Sunday, November 21, 2010

Worried over setback, Maoists launch leadership training


Worried over the continuing loss of senior leadership and the revolutionary movement failing to strike root in urban areas, the CPI (Maoist) has begun a serious exercise train its leaders in identifying their mistakes.

The ‘Leadership Training Programme' is meant to help the Maoist leaders reinvent the ideological moorings of the Protracted People's War (PPW) and check ‘lethargy' — a direct offshoot of ‘years of stagnation' [in spread of revolutionary movement]. Intelligence agencies believe that this programme began last year.

The main purpose is to help the rebel leaders “change the direction of work from going in circles to going in spirals,” notes a seven-page circular on the programme, a copy of which is with The Hindu. It throws light on the Maoists' perspective on their inability to extend the revolutionary movement in many States.

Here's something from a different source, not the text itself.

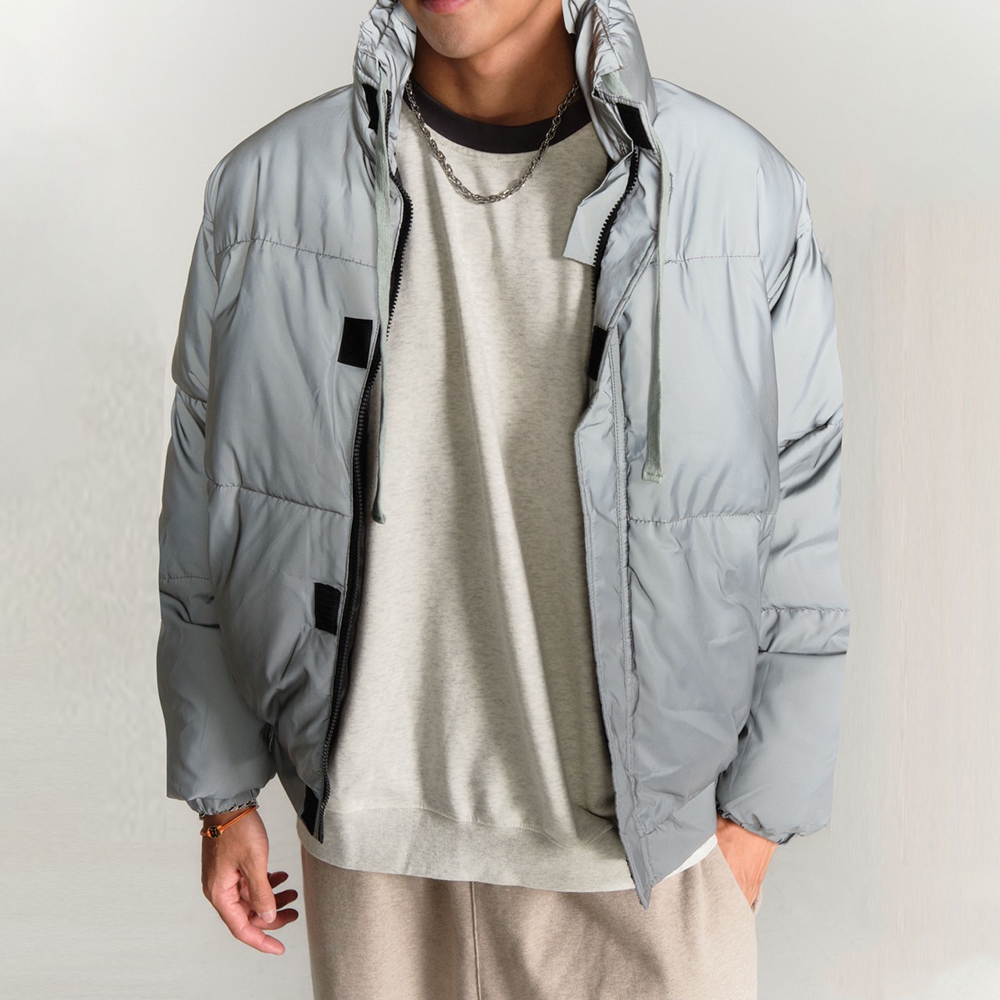 INNERSECT 三生萬物 FOG ESSENTIAL 24FW 漸層 混色 反光 麵包 抽繩 羽絨外套 INN24FWTCP407*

The Maoist think tank's analysis is that the rebel leaders “tend to go about their work in a routine and mechanical way with little creativity and dynamism…Many comrades rest satisfied with petty achievements and mundane activities.” While many committed leaders continue against all odds, their dedication does not bear fruit. “What is the reason for this?” asks the circular. The decision to train leaders comes in the backdrop of some worrisome developments for the Maoists. Their movement failed to take off in Karnataka, Maharashtra, Kerala and Gujarat, managed by the Maoists South Western Regional Bureau (SWRB. While some important leaders were arrested, some were shot dead by security forces and the movement in Karnataka suffered a vertical split on ideological issues. “In the XYZ region [possibly a reference to SWRB] in the course of just one year we have lost over two-thirds of CCMs [Central Committee Members] to encounter killings, arrests and untimely deaths. We have also witnessed the near wipe-out of an entire State committee due a series of arrests”.

The circular says: “Our very limited mass base and our weaknesses to conceptualise the changes in the enemy's methods are leading to heavy losses.”